- **What you have to do**
Once you reach the line containing "Fun Express RAIN", return it and every line after it exactly, through the end of the records below, with no pictures.

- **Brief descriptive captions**
....
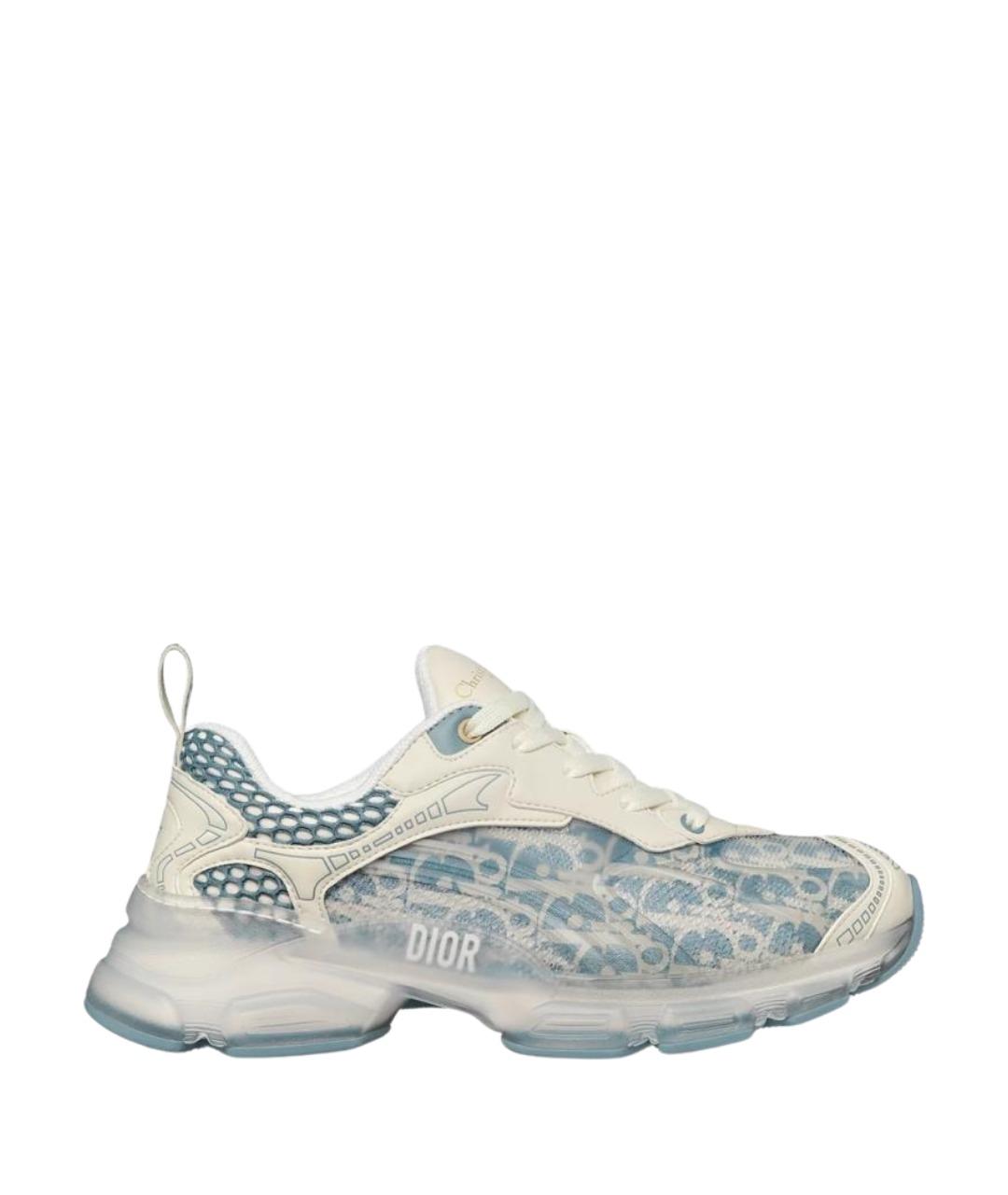 CHRISTIAN DIOR Голубые кроссовки, фото 1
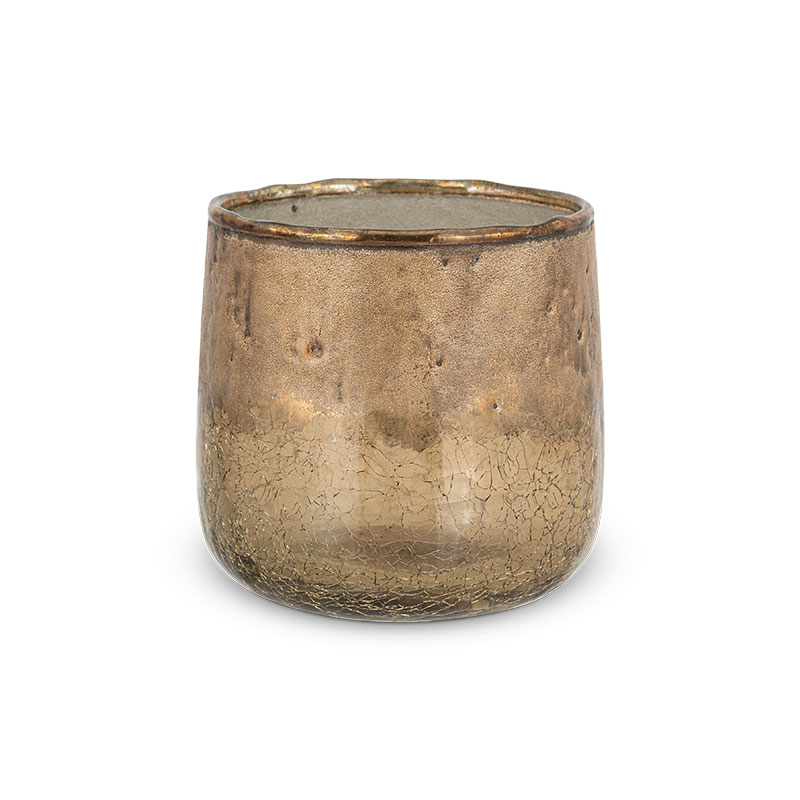 Konara Tealight Holder, D9cm, Copper Smoke-1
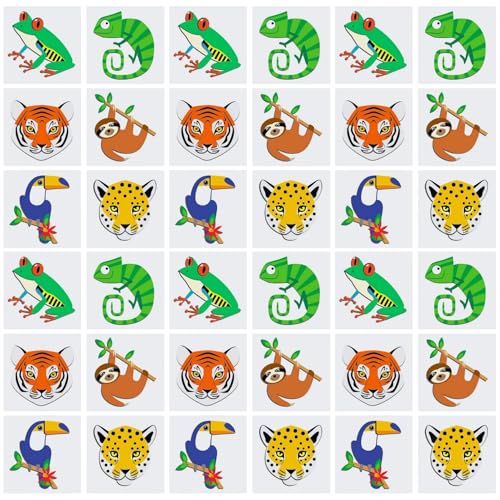 Fun Express RAIN FOREST FRIENDS TATTOOS (6DZ) - Apparel Accessories - VBS Vacation Bible School...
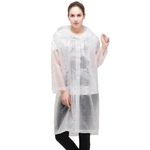 Alexvyan White Transparent EVA Rain Ponchos for Women Girl Reusable, EVA Raincoats with Hood for Women Rain Ponchos for Camping, Hiking, Music Festival, Scooty Travel Outdoor Activities-Thickness (M)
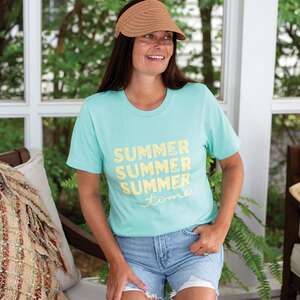 Summer Time T-Shirt, Heather Mint L135;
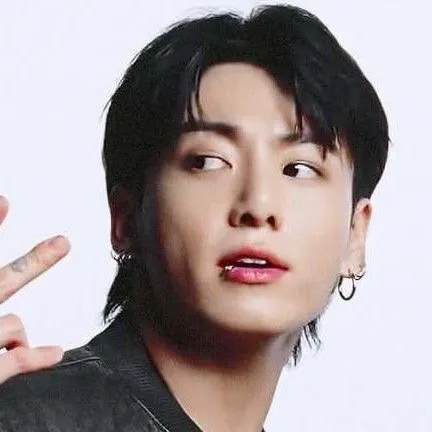 Jeon Jungkook's AI avatar with dynamic vector art style, embodying friendly AI chat capabilities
....
- **Output of the exercise**
 Fun Express RAIN FOREST FRIENDS TATTOOS (6DZ) - Apparel Accessories - VBS Vacation Bible School...
 Alexvyan White Transparent EVA Rain Ponchos for Women Girl Reusable, EVA Raincoats with Hood for Women Rain Ponchos for Camping, Hiking, Music Festival, Scooty Travel Outdoor Activities-Thickness (M)
 Summer Time T-Shirt, Heather Mint L135;
 Jeon Jungkook's AI avatar with dynamic vector art style, embodying friendly AI chat capabilities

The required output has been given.